Le­bens­zei­chen

Werner Herzog, 1968

Premier long-métrage de Werner Herzog, «Lebenszeichen» raconte l'histoire d'un "conquérant de l'inutile" affecté à une mission de garnison sur l'île de Kos. Un film de guerre sans guerre qui, selon le collectif Silo, prend un sens particulier après la construction du mur de Berlin en 1961.

Date de publication
22-02-2013
Revision
19-08-2015

En 1968, Werner Herzog réalise son premier long-métrage Signes de vie (Lebenszeichen). S’inspirant d’une nouvelle d’Achim von Arnim, Der tolle Invalide auf dem Fort Ratonneau  (1818) transposée pendant la Seconde Guerre mondiale, le film consacre d’emblée un « conquérant de l’inutile», frère de Fitzcaraldo et de Cobra Verde. Stroszek est un jeune soldat de la Wehrmacht, stationné en Grèce pendant l’occupation. Blessé au cours d’un affrontement avec les partisans, il est affecté à une mission de garnison sur l’île de Kos en compagnie de sa femme Nora et de deux autres soldats convalescents, Meinhard et Becker.

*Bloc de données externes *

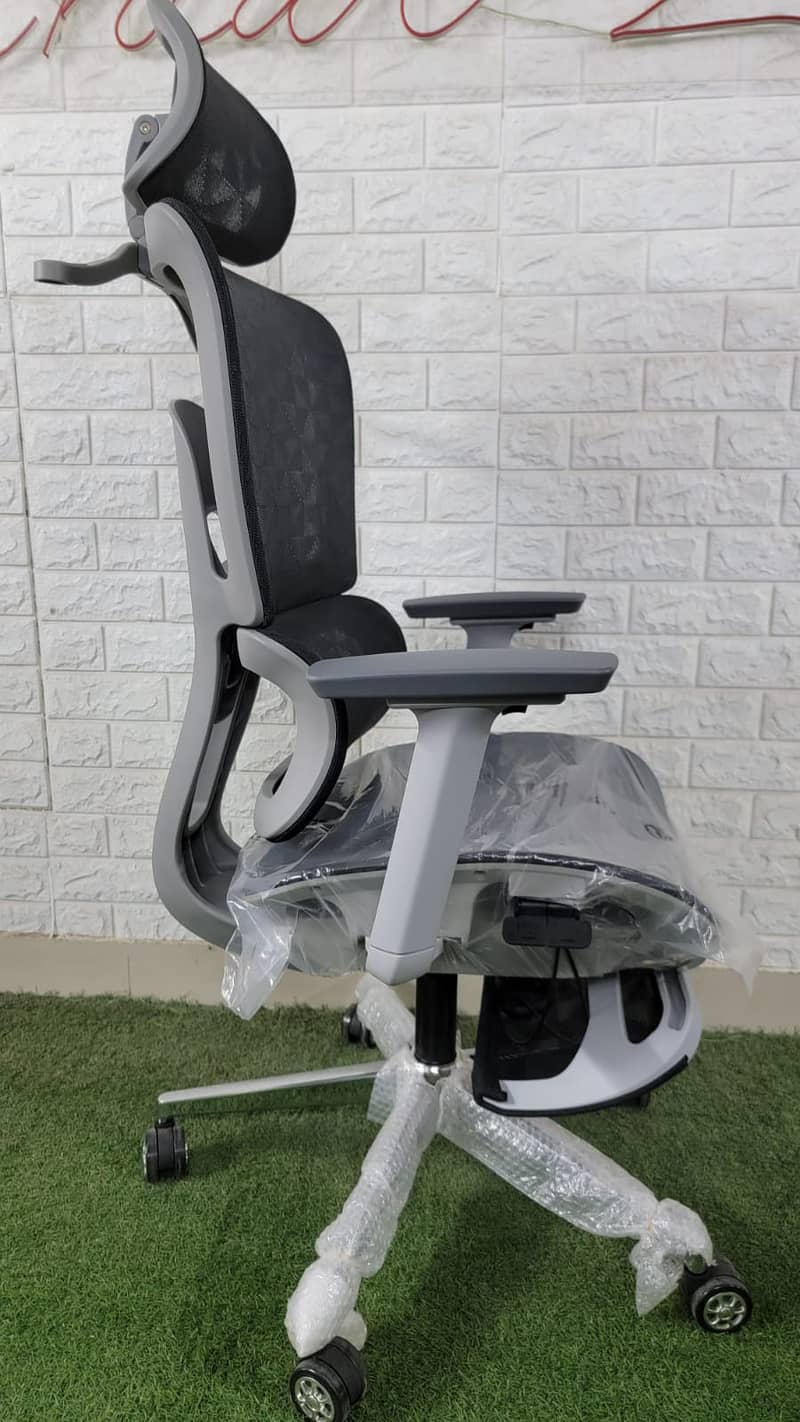 Chair / Executive chair / Office Chair / Chairs for sale in karachi 8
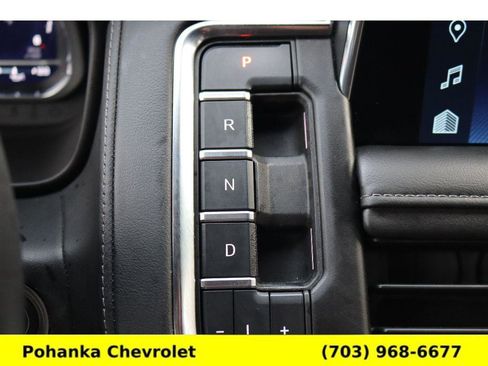Used 2022 Chevrolet Suburban LT image 16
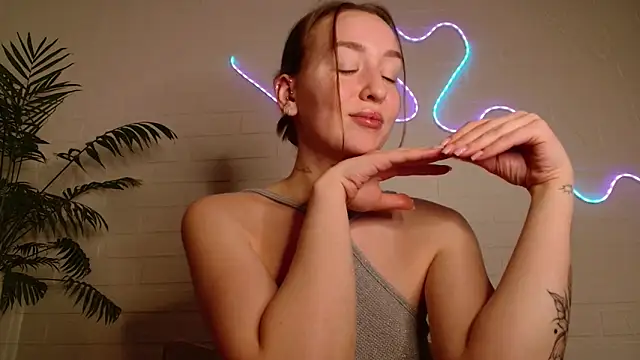 WhitePrincessLuna online show from February 1, 3:00 pm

Stroszek et ses compagnons veillent sur un dépôt de munitions abandonné par l’ennemi dans une ancienne forteresse médiévale. Parmi les vestiges de colonnes et de statues antiques dispersés dans l’enceinte et servant au besoin à colmater les brèches des remparts, les sentinelles s’ennuient, frappées de torpeur par un soleil fixé au zénith. Il faut tuer le temps. Meinhard s’invente des adversaires: il chasse des blattes et hypnotise des poules. Becker déchiffre des inscriptions sur les stèles antiques: «le danger a été écarté (…), nous pouvons prendre la mer sans risque car nous avons éliminé les pirates. Les pillards et leur chef ont été pendus et nous avons même pendu leur chien.» Stroszek, impénétrable, confectionne des feux d’artifice avec le stock de poudre de l’arsenal ravi à l’ennemi. Par-delà les fortifications, la trêve fait illusion: les enfants jouent sur l’embarcadère, les vieillards parlementent aux terrasses des cafés et les chats dorment au soleil. 
Dans La Défense sans pareil de la forteresse Deutschkreutz (1967), un court-métrage que Werner Herzog réalise quelques mois plus tôt et qui préfigure largement Signes de vie, la voix-off prêchait ainsi: «L’ennemi qui abandonne celui qui se défend est un salaud»; «Qui n’a pas pris les armes en temps voulu n’aura pas d’ennemi.» La tournure est syllogistique, elle emprunte même explicitement à la logique de Don Quichotte… Stroszek séchant sur pied, son supérieur l’envoie en patrouille. Au sommet d’une colline, il découvre la vallée des dix mille moulins, vision qui le rend fou et achève de le convaincre, comme le chevalier de la Mancha avant lui, que «ce n’est pas parce que l’ennemi est hors de vue qu’il n’y a pas d’ennemi». Ainsi passe-t-il à l’acte, chassant ses compagnons de la forteresse et menaçant de faire exploser l’île tout entière : il tue un âne, mais contribue aussi au plus beau moment de l’histoire de la pyrotechnie au cinéma.
A la fin des années 1960, quelle est l’actualité de ce film de guerre sans guerre? De quel anachronisme cette forteresse est-elle le signe? Depuis 1961, un mur est dressé en travers de la ville de Berlin comme un fossile de l’architecture de guerre, fut-elle froide. Signes de vie ne parle pas d’autre chose: d’un faux congé donné à la guerre que d’inexpugnables murs rendent à nouveau visible.